Kasat Narkoba Polres Kepulauan Sitaro, IPTU Recky Marthin, menjelaskan hasil pemeriksaan sementara mengungkap perjalanan para saksi bersama korban bermula setelah beberapa hari perjalanan laut, mereka justru tiba di Kota General Santos, Filipina, dan dijemput seorang pria.
“Mereka mengaku tidak mengetahui kalau lokasi itu berada di Filipina,” kata Recky.

Di lokasi tersebut, para saksi diajak makan dan berkeliling. Ketika kembali ke perahu pada malam hari, muatan berupa puluhan karung sudah berada di atas kapal. Para saksi mengira barang tersebut merupakan pakan ternak seperti yang sebelumnya dijanjikan.

Rombongan kemudian kembali berlayar dan sempat singgah di wilayah Sangihe untuk mengambil bekal sebelum melanjutkan perjalanan menuju Manado.

Sebelum melanjutkan perjalanan, seorang pria bernama Ivan Kondoai disebut meminta dilakukan pertukaran perahu antara korban dan salah satu pria lainnya. Namun Junior Darui menolak karena merasa bertanggung jawab atas perahu yang digunakannya.
Pertukaran hanya dilakukan dengan seorang pria bernama Yus yang menggunakan perahu lain.

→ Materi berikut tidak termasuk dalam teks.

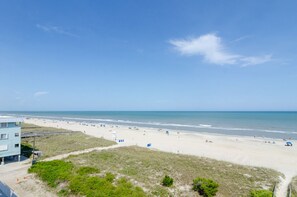 A beach with a building in the foreground, sandy beach, and clear blue sky. - Premier Oceanfront Condo w Rooftop Deck (Carolina Beach)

Tak lama setelah perjalanan dilanjutkan, korban mengeluh mual dan memilih beristirahat di dalam perahu. Saat hendak diajak makan, korban tetap tertidur. Beberapa waktu kemudian, para saksi mencoba membangunkannya dan mendapati Junior Darui sudah meninggal dunia.
Para saksi lalu menghubungi Ivan Kondoai dan diarahkan membawa jenazah korban ke Pulau Siau untuk diserahkan kepada pihak keluarga di Balirangen.
“Di tengah perjalanan, Yus yang menggunakan perahu lain justru memutar arah dan melarikan diri,” ungkap Recky.

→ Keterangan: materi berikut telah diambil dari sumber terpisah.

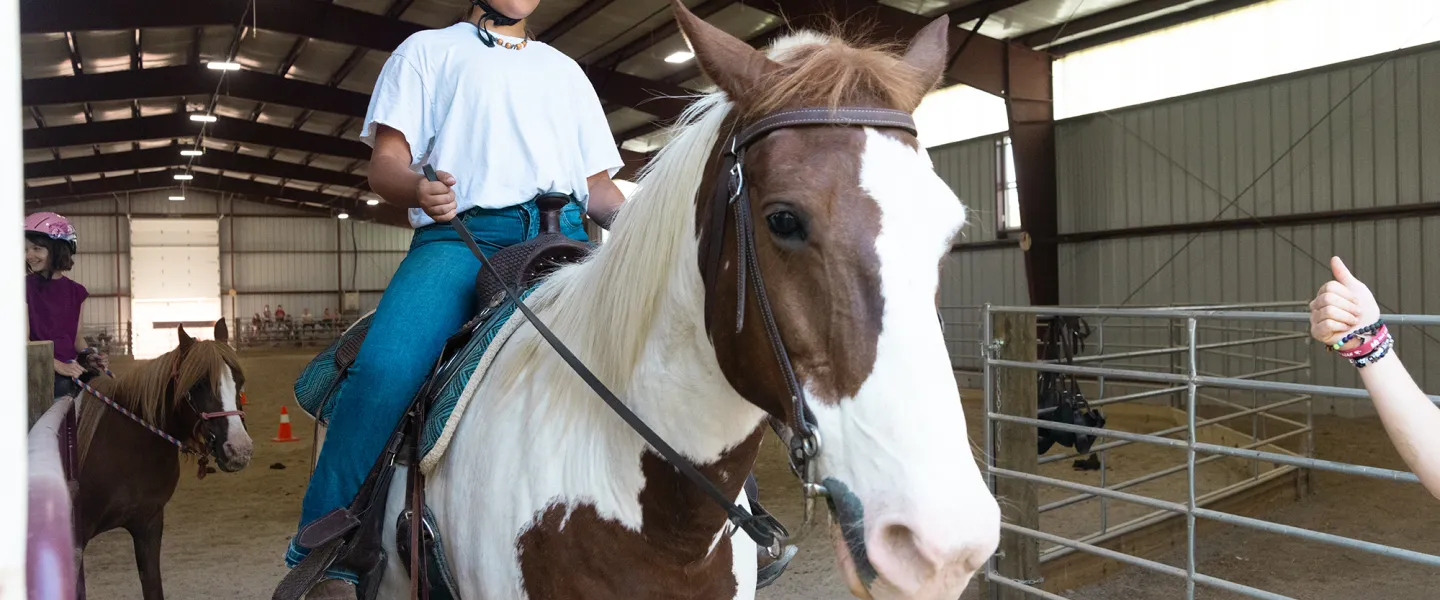 A boy on a horse at Camp 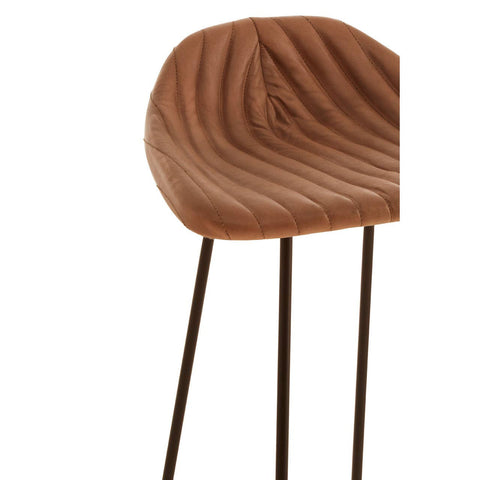 Light brown leather bar stool featuring a curved, textured seat with vertical grooves and a metal footrest, supported by slender black legs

Setelah perahu tiba di Balirangen dan jenazah korban dievakuasi pihak keluarga, polisi melakukan pemeriksaan terhadap kapal dan menemukan puluhan karung diduga berisi sianida.
Dua saksi bersama barang bukti langsung diamankan ke Polres Kepulauan Sitaro untuk menjalani pemeriksaan intensif.
Pada hari yang sama, warga kembali menemukan satu perahu lain di wilayah Pantai Talawid dengan muatan serupa. Polisi menduga perahu tersebut merupakan kapal yang digunakan Yus saat melarikan diri.

Ketika aparat tiba di lokasi, perahu ditemukan dalam keadaan kosong tanpa awak.
“Menurut informasi warga, orang tersebut sudah pergi menggunakan ojek beberapa menit sebelumnya,” kata Recky.

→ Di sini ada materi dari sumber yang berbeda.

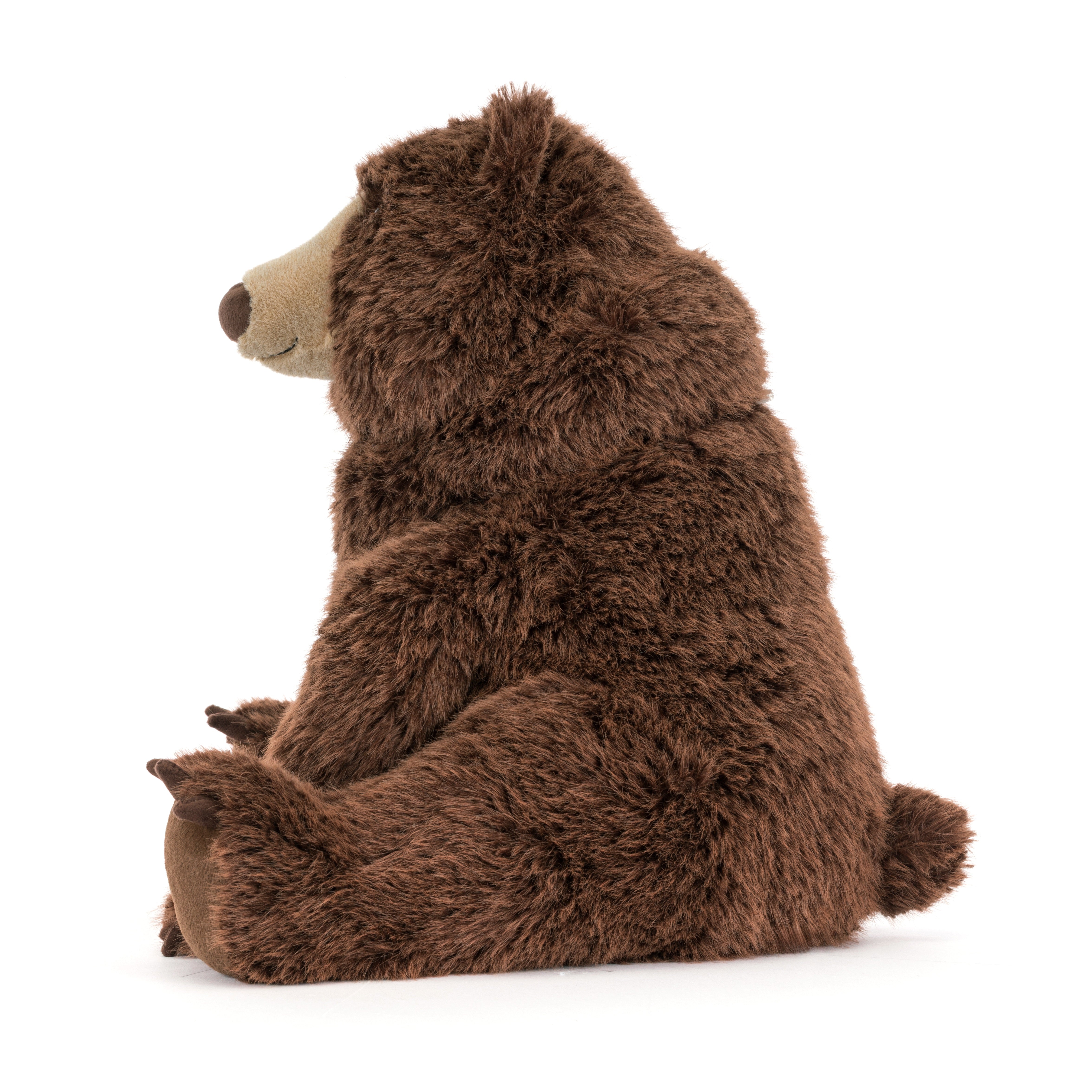 A plush brown bear toy sitting upright, photographed from the side against a clean white background.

Polisi kemudian melakukan pencarian hingga ke Pelabuhan Ulu dan KM Lohoraung di Pelabuhan Pehe, namun keberadaan Yus belum berhasil ditemukan.

Dari hasil pengembangan, aparat juga memperoleh informasi mengenai sebuah mobil pikap yang diparkir di kawasan pantai Kima Bajo dan diduga akan digunakan untuk mengangkut muatan sianida tersebut.

Hingga kini, polisi masih mendalami asal-usul muatan sianida, jaringan penyelundupan lintas batas yang terlibat, serta penyebab pasti kematian Junior Kristianus Darui.